Being the cranial type I’ve usually worked on my mental faculties at the expense of my body. I see them as different things and consider the mind – the spirit – to be the more important of the two. There might be something vaguely Gnostic about this view but I have held it for years.

An odd thought struck me recently. What if I considered the mind and body to be essentially parts of the same thing? Like the foot and the hand, they are pieces of a single whole. I usually think of my mind as being located in my brain. I’ve tried convincing myself that the mind is located throughout the body but it’s not working. When I pinch myself, I feel the pain where the pinch is. I’ve tried reasoning with myself that therefore, my mind is in that spot, but I’m too certain the sensation is just going through my nervous system, to my spinal cord, to my brain, to my mind.

So instead I asked, what if the mind were still so deeply connected to the body, even though it’s not literally everywhere in the body, that they were essentially the same unit?

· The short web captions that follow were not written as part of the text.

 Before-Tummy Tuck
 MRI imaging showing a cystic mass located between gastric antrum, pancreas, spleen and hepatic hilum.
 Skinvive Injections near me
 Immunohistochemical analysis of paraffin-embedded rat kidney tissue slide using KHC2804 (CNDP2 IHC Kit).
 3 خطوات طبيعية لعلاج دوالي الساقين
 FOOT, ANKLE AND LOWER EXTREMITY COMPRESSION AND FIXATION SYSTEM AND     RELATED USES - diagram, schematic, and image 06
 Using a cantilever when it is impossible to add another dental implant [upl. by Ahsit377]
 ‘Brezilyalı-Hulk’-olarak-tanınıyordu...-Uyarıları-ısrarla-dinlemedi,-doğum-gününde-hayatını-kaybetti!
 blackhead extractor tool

I’m aware that the conditions of the mind and body affect each other. Good luck doing complex thought when sick or tired. See how your body responds so much more negatively to everything when you’re depressed or anxious. Even your posture sends signals to your mind, telling you how you feel.

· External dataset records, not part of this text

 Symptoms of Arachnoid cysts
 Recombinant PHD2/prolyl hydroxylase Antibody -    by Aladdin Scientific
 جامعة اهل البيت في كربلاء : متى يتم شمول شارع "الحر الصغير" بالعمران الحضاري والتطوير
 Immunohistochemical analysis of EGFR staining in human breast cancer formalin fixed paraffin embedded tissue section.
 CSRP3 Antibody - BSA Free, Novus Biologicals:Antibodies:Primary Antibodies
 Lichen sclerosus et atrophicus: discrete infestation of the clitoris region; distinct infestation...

When I muse on the thought of mind and body being the same unit, it makes me take my physical condition more seriously. It makes me want to be proactive about keeping it in good condition, not filling it with junk food or abusing it past what it can handle. Because if the body and mind are so deeply connected that they’re essentially the same thing, then my body¬†is my mind. It’s the physical manifestation of my mind, and my mind is the intangible manifestation of my body. So much of what I do in life revolves around my ability to think and strategize. I need my body to be in optimal condition so that my mind will work at its best, because to misuse my body is to hinder my mind.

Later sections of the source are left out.